# Panavia Tornado



## plan_D (Sep 28, 2006)

I haven't been on in a while because of college. But now I need everyone's help! 

One of my projects is all about the aerodynamics and control surfaces of a plane of our choice, funnily enough I chose the Panavia Tornado. Because it has many, and variable geometry wings. 

What I need for the moment is the NACA airfoil number for the Tornado's wings because I can't find it, or them, anywhere. The closest I can find is the F-111 and if I can't find the Tornado number I'll have to use the F-111's wing.


----------



## the lancaster kicks ass (Sep 28, 2006)

i can't find it either all i can find is the Hawker Tornado and B-45, maybe they're a bit nervous about releasing details like that about modern aircraft still in service?


----------



## DerAdlerIstGelandet (Sep 28, 2006)

Hmm I will see what I can dig up, but I doubt I will find it as well.


----------



## DerAdlerIstGelandet (Sep 28, 2006)

All I could find was the F-15, F-14, and F-111.


----------



## plan_D (Sep 29, 2006)

The GR.1 Tornado came into service in 1981, it's hardly modern.
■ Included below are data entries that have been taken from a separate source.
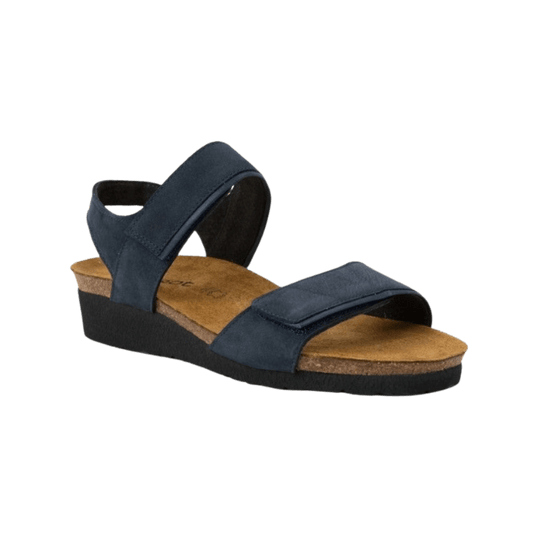 Aisha | Nubuck | Navy Velvet/Soft Ink - Sandals - Naot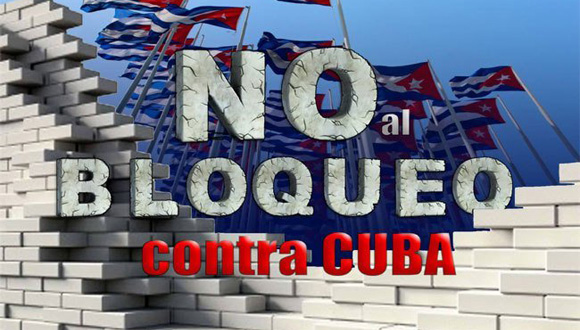 No al bloqueo contra Cuba 1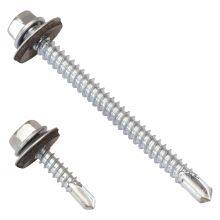 Hexagonal Head Self Drilling Screw With EPDM Assembled Washer thumbnail-2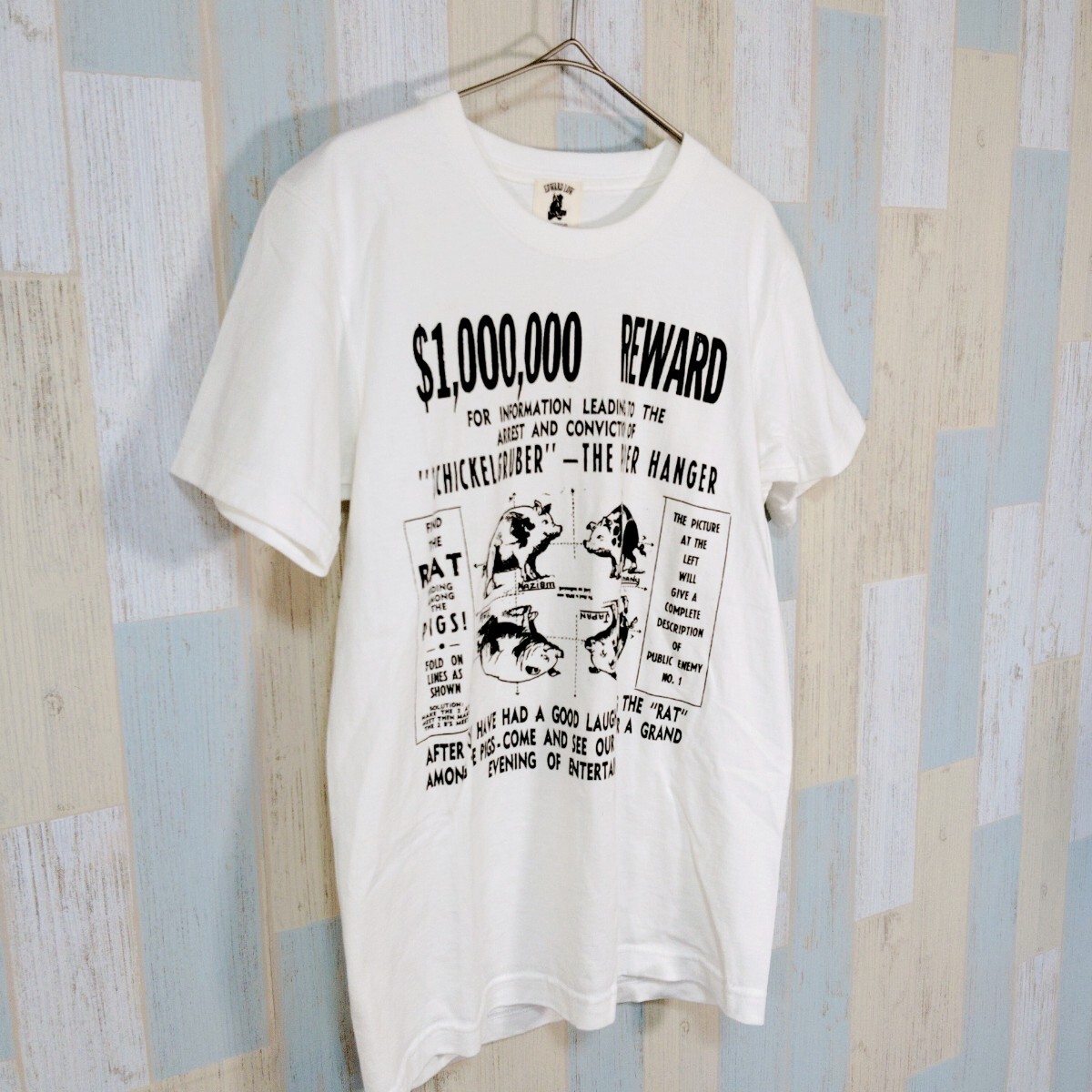 420 EDWARDLOW 半袖Ｔシャツ　Ｓ　WHITE プリント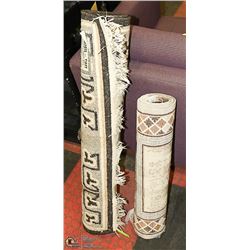 TWO ROLLS OF CARPETS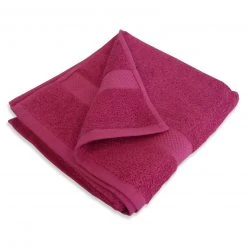 Gästehandtuch pink 30x50 cm - Weiches Handtuch für Gäste - Elegantes Badtextil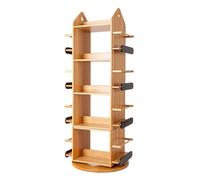 Bibliothèque rotative pour enfants, 3 à 4 niveaux, ronde, empilable, présentoir empilable pour la maison, le bureau, le salon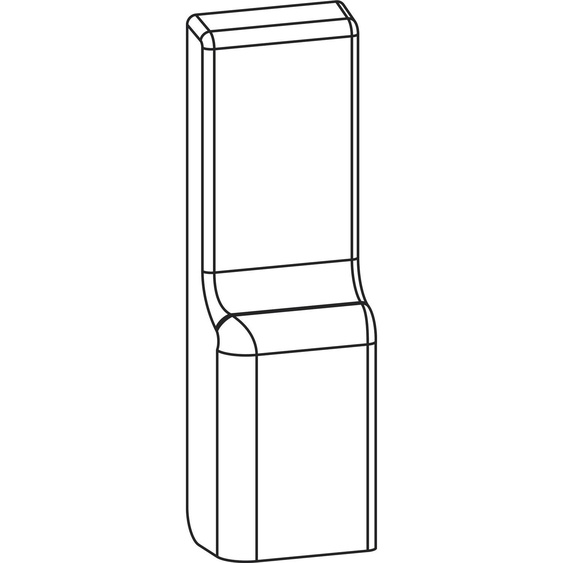 GU-966/200 Cache pour chariot à droite, plastique blanc RAL 9016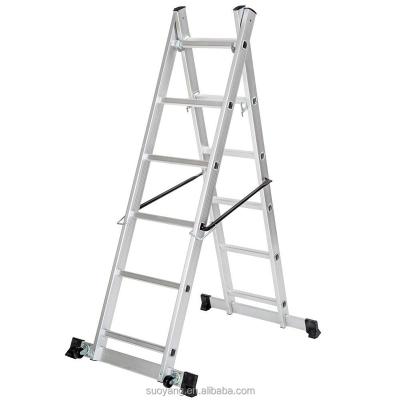 China NEW Hot Sales Folding Ladders Aluminum Scaffold Trestle 6063T5 EN131-2 GS Certificate for sale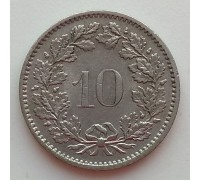 Швейцария 10 раппен 1968-2017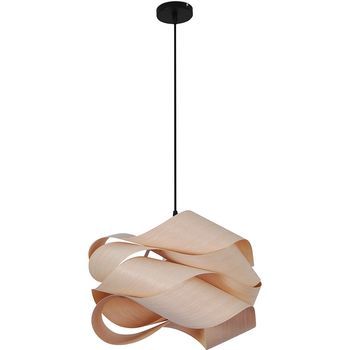 Lámpara De Techo De Madera - Lámpara Colgante De Diseño - Nova Madera Natural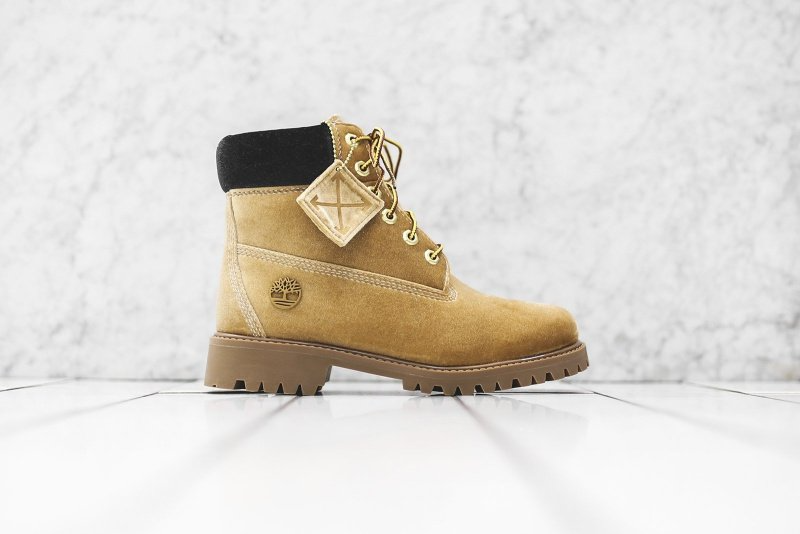Giày Timberland Off-White x 6 Inch Premium Boot 'Wheat' TB0A1Q8L - Ảnh 3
And the NACA wing number is not going to compromise the security of information surrounding the Tornado, if there's any. It's just the size of the wing cross-section. But it's important for calculations.

And before anyone says "the GR.4 is modern 'cos it's just been finished in 2003" I know ... but it's still being replaced soon.


----------



## Matt308 (Sep 29, 2006)

I too looked yesterday. It's odd you can find virtually every other swing wing NACA number, but not the Panavia.


----------



## the lancaster kicks ass (Sep 29, 2006)

is it not possible it uses annother coding system 'cos there are a few planes out there without NACA profiles but other profiles.......


----------



## Wurger (Sep 29, 2006)

I've asked also some of my friends who are really interested in this kind of aircrafts.But with no success.


----------



## plan_D (Oct 1, 2006)

It could have a RAF airfoil profile, but I can't find that either.


----------